Top of EXCERPTED DATA

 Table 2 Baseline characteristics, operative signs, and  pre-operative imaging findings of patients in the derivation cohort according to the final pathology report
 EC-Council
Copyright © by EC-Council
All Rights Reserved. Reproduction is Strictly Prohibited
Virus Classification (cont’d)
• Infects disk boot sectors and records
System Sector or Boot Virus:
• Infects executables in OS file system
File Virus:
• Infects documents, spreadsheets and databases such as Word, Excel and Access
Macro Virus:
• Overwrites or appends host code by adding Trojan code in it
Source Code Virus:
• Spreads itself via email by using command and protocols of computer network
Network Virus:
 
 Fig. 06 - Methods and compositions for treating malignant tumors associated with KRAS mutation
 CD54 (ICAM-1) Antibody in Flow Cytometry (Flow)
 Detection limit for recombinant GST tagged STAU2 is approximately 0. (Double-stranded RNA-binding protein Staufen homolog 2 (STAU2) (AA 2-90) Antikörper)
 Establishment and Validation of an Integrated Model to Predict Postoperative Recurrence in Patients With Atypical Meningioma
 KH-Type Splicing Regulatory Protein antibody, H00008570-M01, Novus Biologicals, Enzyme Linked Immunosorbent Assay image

Bottom of EXCERPTED DATA
Top of EXCERPTED DATA

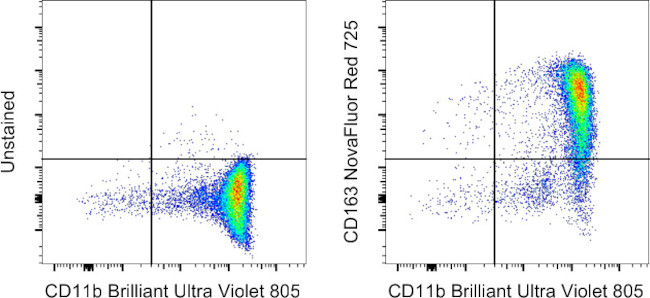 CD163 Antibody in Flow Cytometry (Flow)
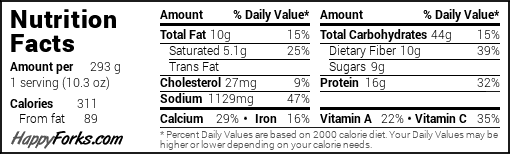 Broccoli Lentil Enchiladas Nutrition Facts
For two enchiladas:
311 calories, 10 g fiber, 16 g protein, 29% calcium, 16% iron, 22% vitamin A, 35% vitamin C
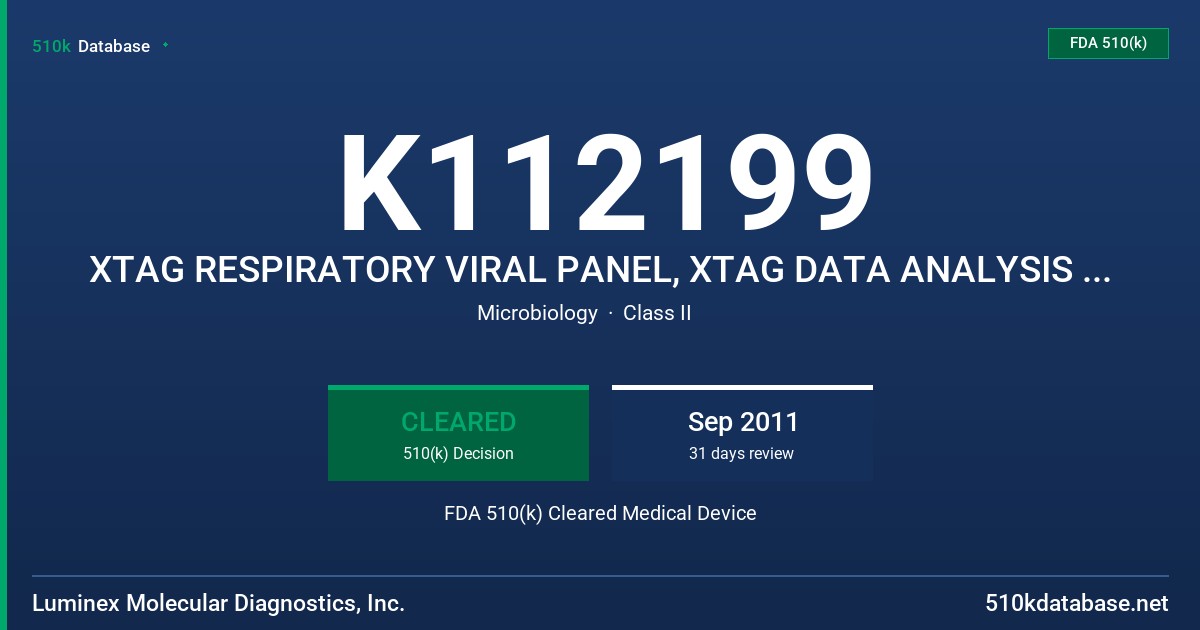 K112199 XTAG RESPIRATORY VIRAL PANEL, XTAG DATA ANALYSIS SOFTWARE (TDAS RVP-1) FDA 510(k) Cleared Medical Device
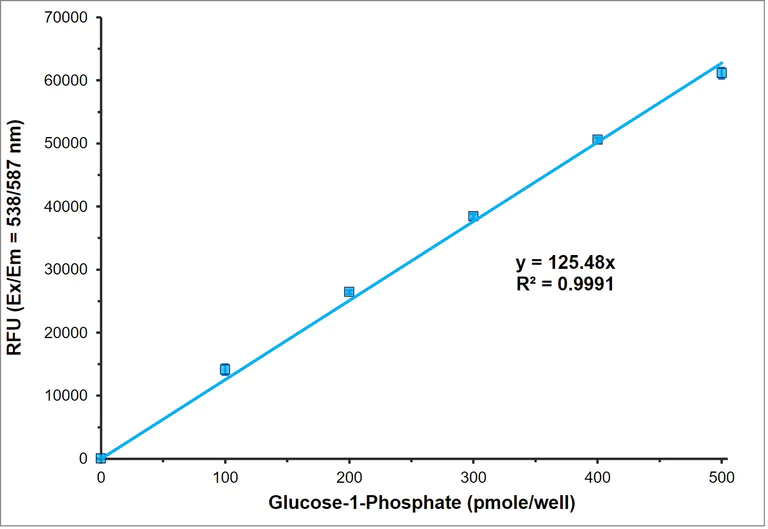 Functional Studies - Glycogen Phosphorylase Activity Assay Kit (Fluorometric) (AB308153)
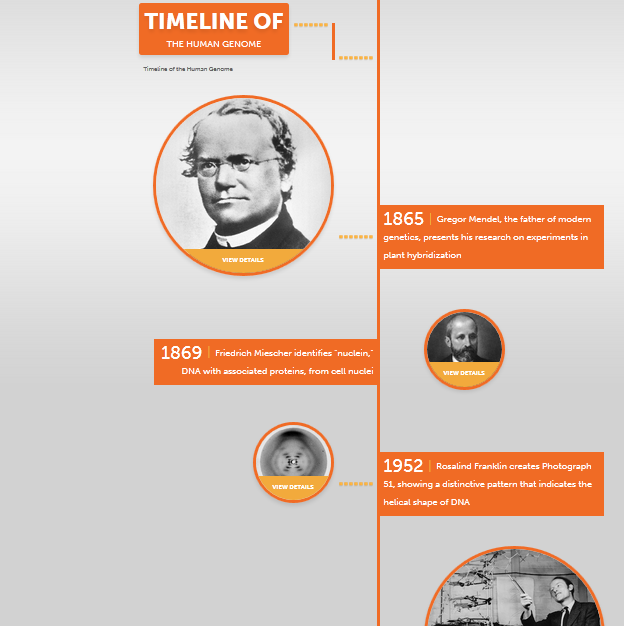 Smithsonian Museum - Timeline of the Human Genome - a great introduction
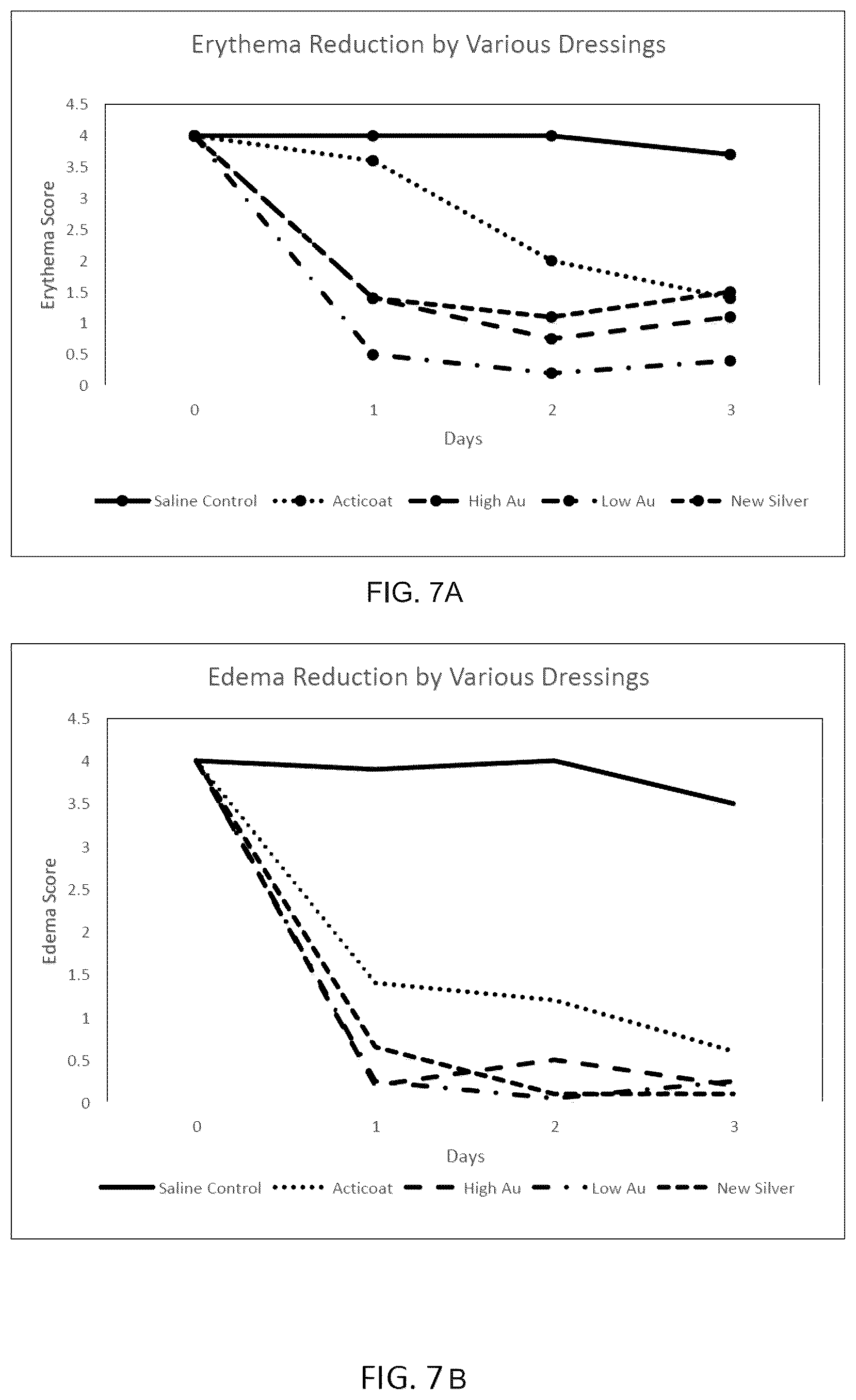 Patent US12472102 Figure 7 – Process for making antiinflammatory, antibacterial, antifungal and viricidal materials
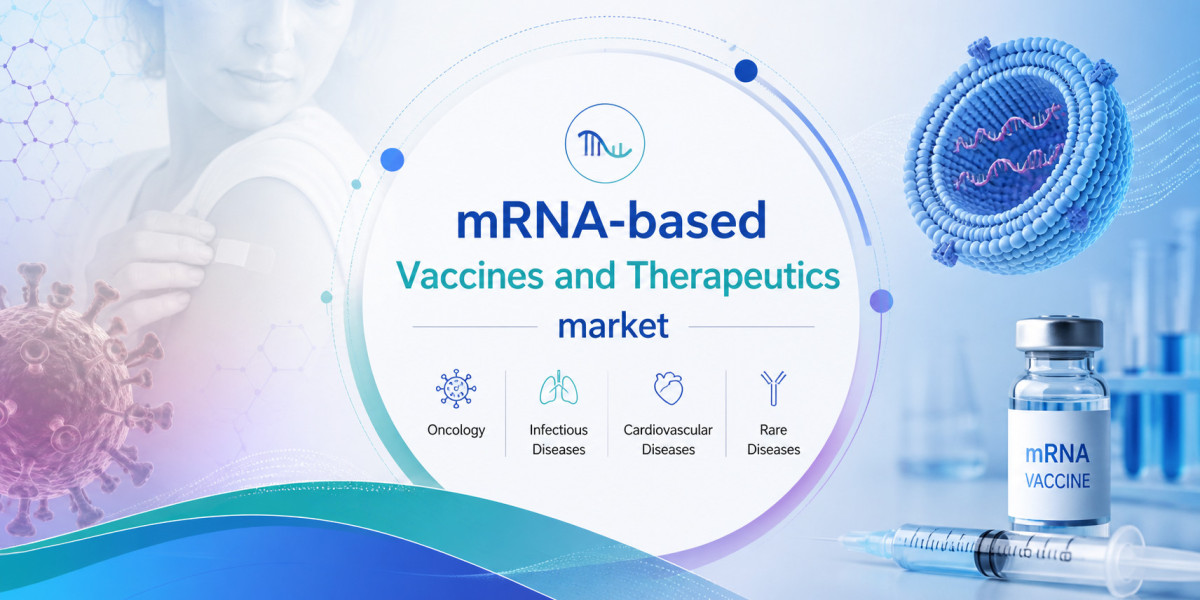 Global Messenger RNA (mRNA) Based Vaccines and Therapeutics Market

Bottom of EXCERPTED DATA

EXERCISE DETAILS ::
All that is needed is the exact run of lines above from the line containing "sectors and records" through the line containing "KH-Type Splicing Regulatory", both of them included.

ANSWER FOR THIS EXERCISE ::
• Infects disk boot sectors and records
System Sector or Boot Virus:
• Infects executables in OS file system
File Virus:
• Infects documents, spreadsheets and databases such as Word, Excel and Access
Macro Virus:
• Overwrites or appends host code by adding Trojan code in it
Source Code Virus:
• Spreads itself via email by using command and protocols of computer network
Network Virus:
 
 Fig. 06 - Methods and compositions for treating malignant tumors associated with KRAS mutation
 CD54 (ICAM-1) Antibody in Flow Cytometry (Flow)
 Detection limit for recombinant GST tagged STAU2 is approximately 0. (Double-stranded RNA-binding protein Staufen homolog 2 (STAU2) (AA 2-90) Antikörper)
 Establishment and Validation of an Integrated Model to Predict Postoperative Recurrence in Patients With Atypical Meningioma
 KH-Type Splicing Regulatory Protein antibody, H00008570-M01, Novus Biologicals, Enzyme Linked Immunosorbent Assay image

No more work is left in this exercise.